Pas mis le nez dehors de toute la fin de semaine. Suis sage comme un mort.
Passé la nuit en rêve à extraire des tacots des eaux glauques de la Richelieu.
Une chance que mes amis (Phaneuf, Lemoine, Laverdure) ont la radio et qu'ils l'écoutent, sinon j'ignorerais encore que Jean Fugère a chaudement recensé Origines à R-C ce matin.
Finalement vu La dernière tentation du Christ. À Paris, en 1989, les intégristes incendiaient les cinémas et j'avais remis l'expérience à plus tard.
Bush joue au jeu du shah et de la Syrie.
Jésus est-il vraiment ressuscité, ou est-ce que Pâques n'est qu'un très vieux poisson d'avril?
Hier, Mario m'a apporté deux copies papier de son roman Accroires, une pour Kevin, l'autre pour moi.

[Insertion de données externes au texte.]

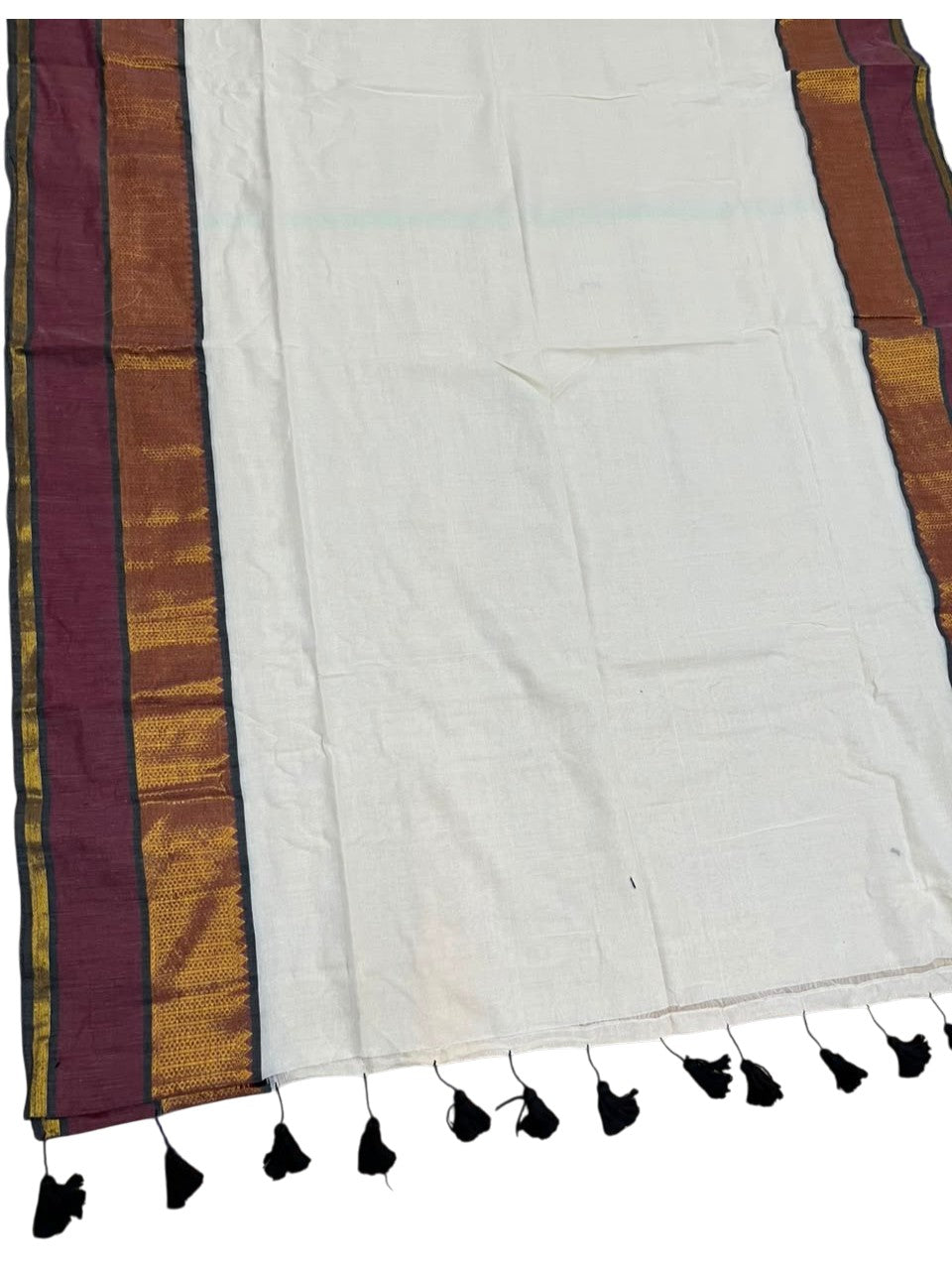 Southloom Mul Cotton 120 x 120 Soft Fabric Saree SL215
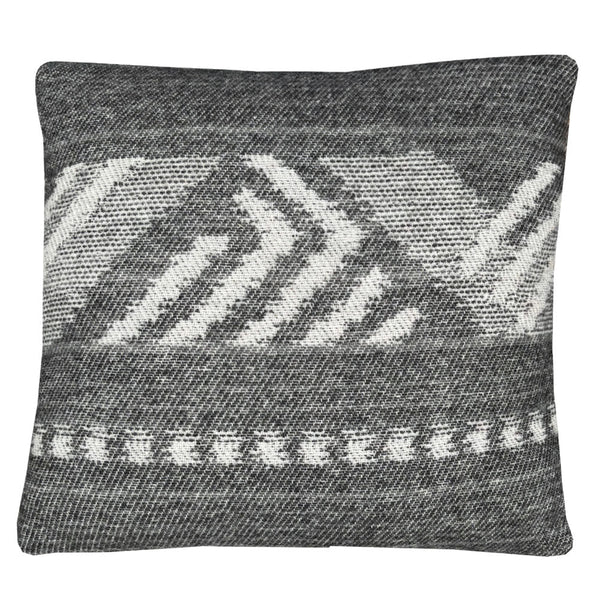 Malagoon sierkussen mochica ornament - antraciet - 45x45cm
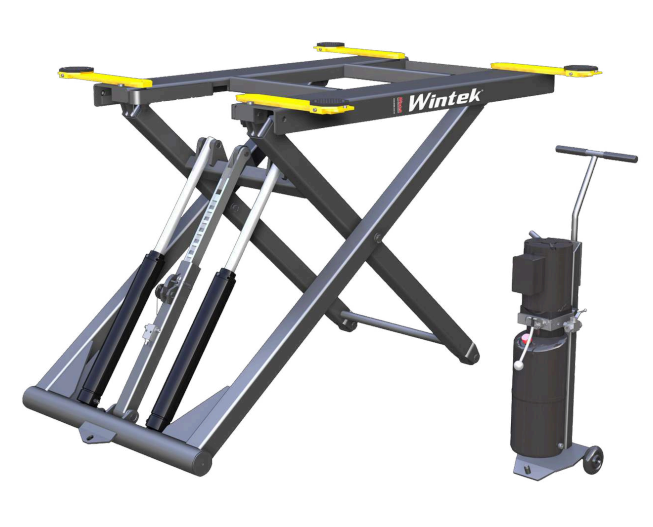 Rampa Tijera 6000 LB Portátil 110V WRPRTM006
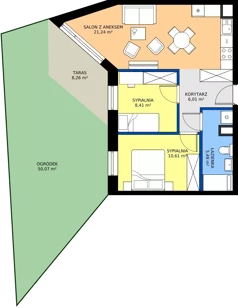 3 pokoje, mieszkanie 49,56 m², piętro 1, oferta nr D10, Osiedle Hierowskiego, Katowice, Kostuchna, Kostuchna, ul. Zdzisława Hierowskiego 20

Il en a remis une troisième à Bertrand Laverdure, rencontré dans le métro. La machine littérature tourne. Ai recommandé au Lemoine de se reposer deux ou trois semaines avant qu'on s'enfonce les dentiers dans sa prose.
Passé la nuit dans le cosmos du manuscrit de Mario, livré tout chaud, cinquante mille mots sur écran cathodique, les yeux me sortent de la tête et le coeur me sort du thorax, il a travaillé comme une bête et c'est bon, je crois, je pense, je me fais pas confiance, pas encore, il a besoin que je sois impitoyable et sans passion pour être sûr que j'aime ce que j'aime, enfin la tribu de nous trois s'y mettra, lui pis moi pis le Madelinot, on va fesser dans le tas de texte et voir ce qu'il a dans les tripes et essayer de le décrisser phrase à phrase et s'il tient par dieu on fêtera le roman de mon pote.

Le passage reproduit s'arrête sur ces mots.